The hospital was able to achieve that reduction by gathering all the hospital’s staff and looking at each piece of the puzzle to get rid of procedural clutter and put processes in place to reduce emergency room wait time. The average wait for care in the emergency room used to be of an hour, but now has been reduced to an average of 40 minutes, Stockstill said.

Stockstill and Jones both said their aim is to fix any procedural deficiencies at the current location before the new hospital is built.

“We don’t want to take broken processes to a new hospital,” Jones said.

Stockstill said he also wants to improve the community’s opinion of the hospital and work towards the hospital being a community partner by forming relationships with the community.

Jones said the new hospital is on track for construction. Design and development of plans for the hospital should be completed by April. Forrest General’s board is expected to travel to Wall Street in March to get ratings for a bond issue.

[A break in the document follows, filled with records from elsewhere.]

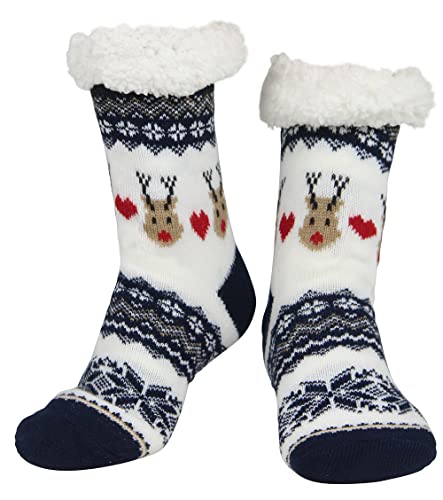 Image of Slipper Socks for Women with Gripper - Winter Non Slip Thick Fuzzy Socks - Warm Cozy Christmas Gift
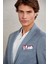Lacivert Slim Fit Çizgili Sivri Yaka Casual Ceket 5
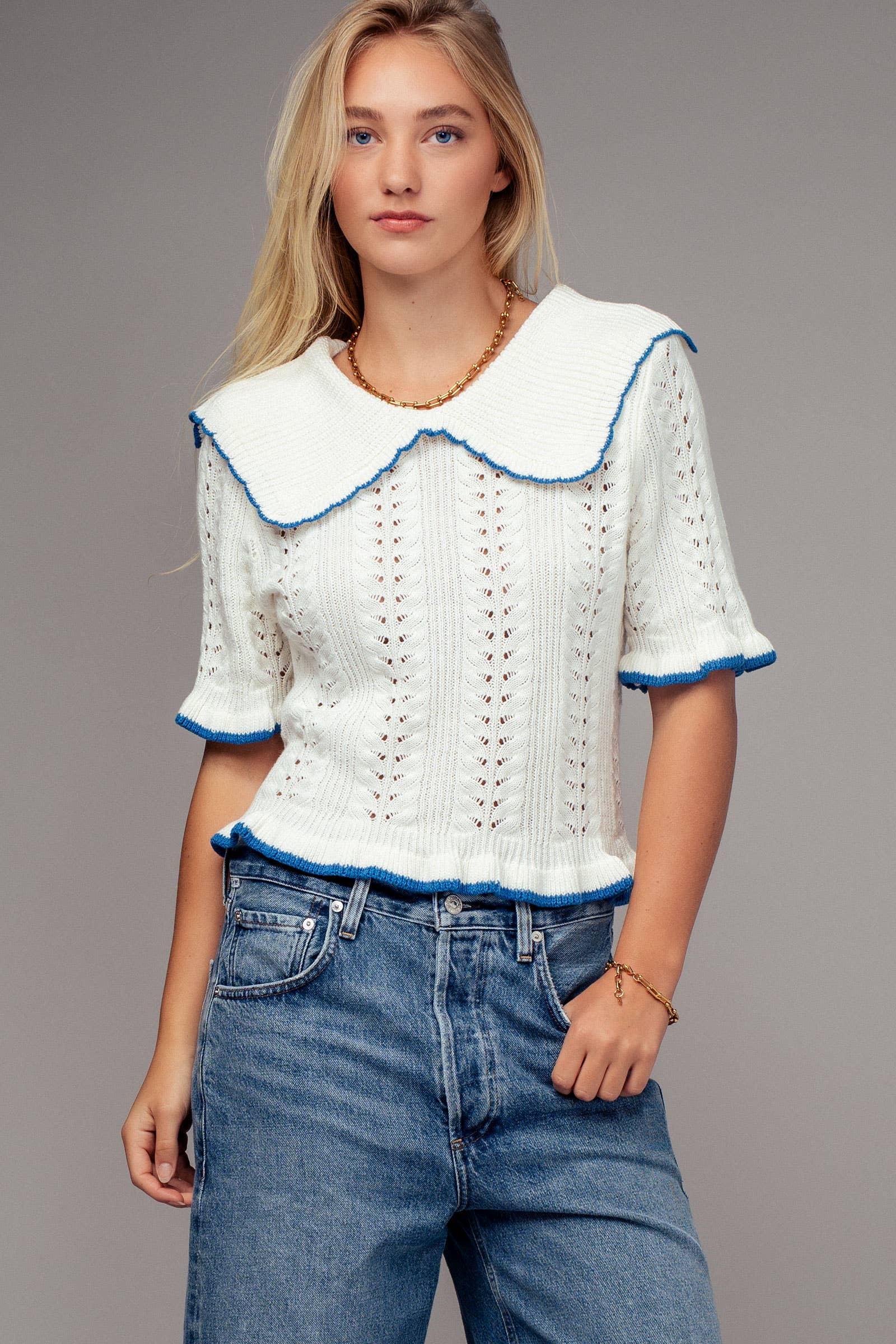 Urban Daizy Crochet Knit Ruffled Top Black Knit Top - Women's (UDZ-TP-00721) – alternate view 5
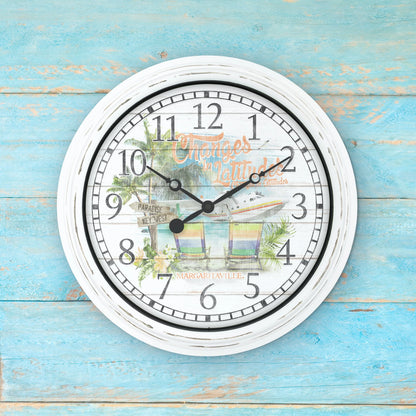 La Crosse Clock 15.75" Margaritaville “Changes in LatitudesIndoor/Outdoor Quartz Wall Clock, 404-3841MV
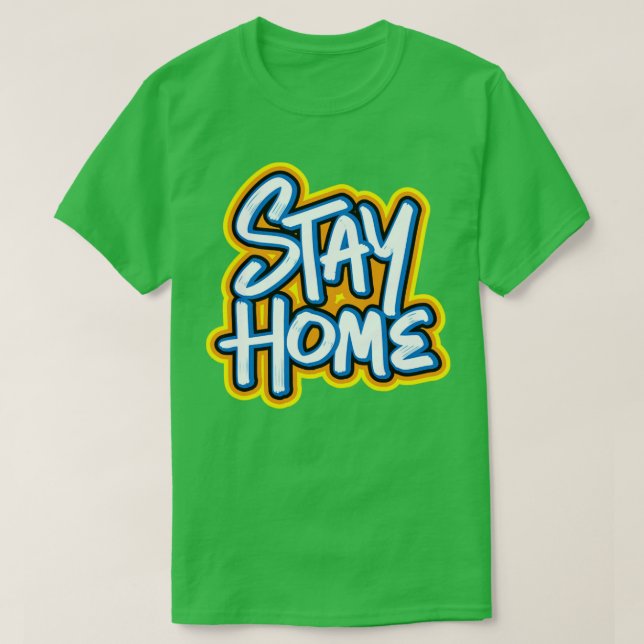 Camiseta Fique em casa Grafite (Frente do Design)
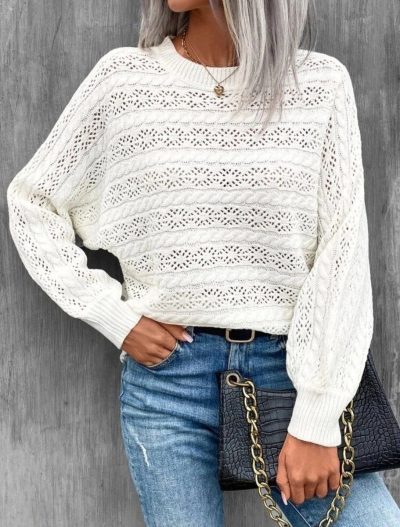 Белоснежный ажурный свитер 10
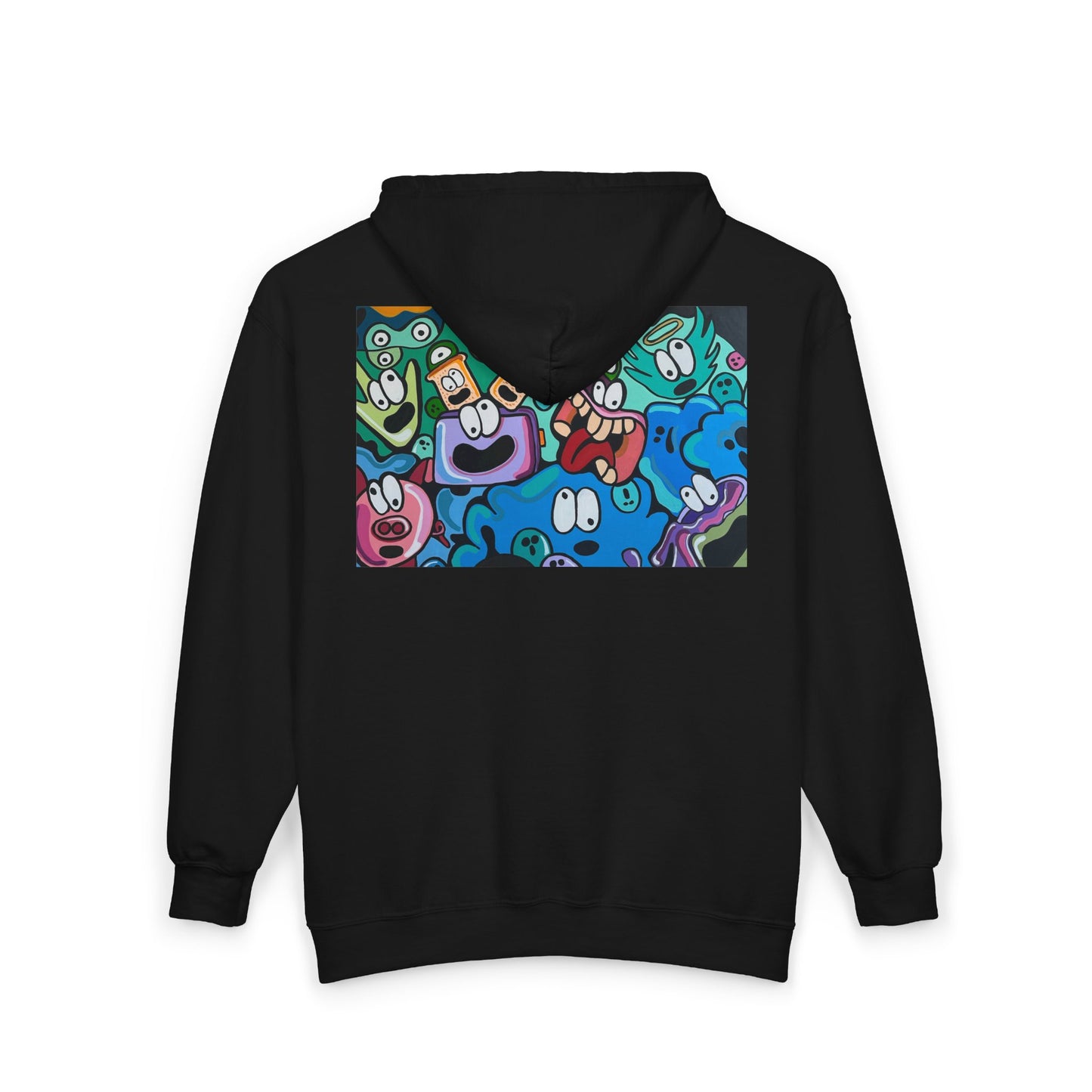 Cartoon Characters Collage Zip Hoodie - Colorful Playful Faces Graphic Sweatshirt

Construction of one of two medical buildings will begin before construction of the hospital. When complete, the hospital will have 60 beds, 49 for regular hospital care and 11 for observation, Jones said. If needed in the future the hospital can expand to 120 beds.

Jones estimates that construction of the hospital will begin in October of this year, with completion expected by April 2012. He expects, if all time frames work out, to move all hospital services to the new location by at least June 2012 and begin operations in the new facility by July of that year. Jones said the current facility belongs to Southern Regional Corporation and that company will decide what becomes of it after Highland moves out.

Other future plans include recruiting up to 20 primary care physicians to the Picayune area. Jones said the hospital is working to recruit five new physicians to the area, but that will take some time.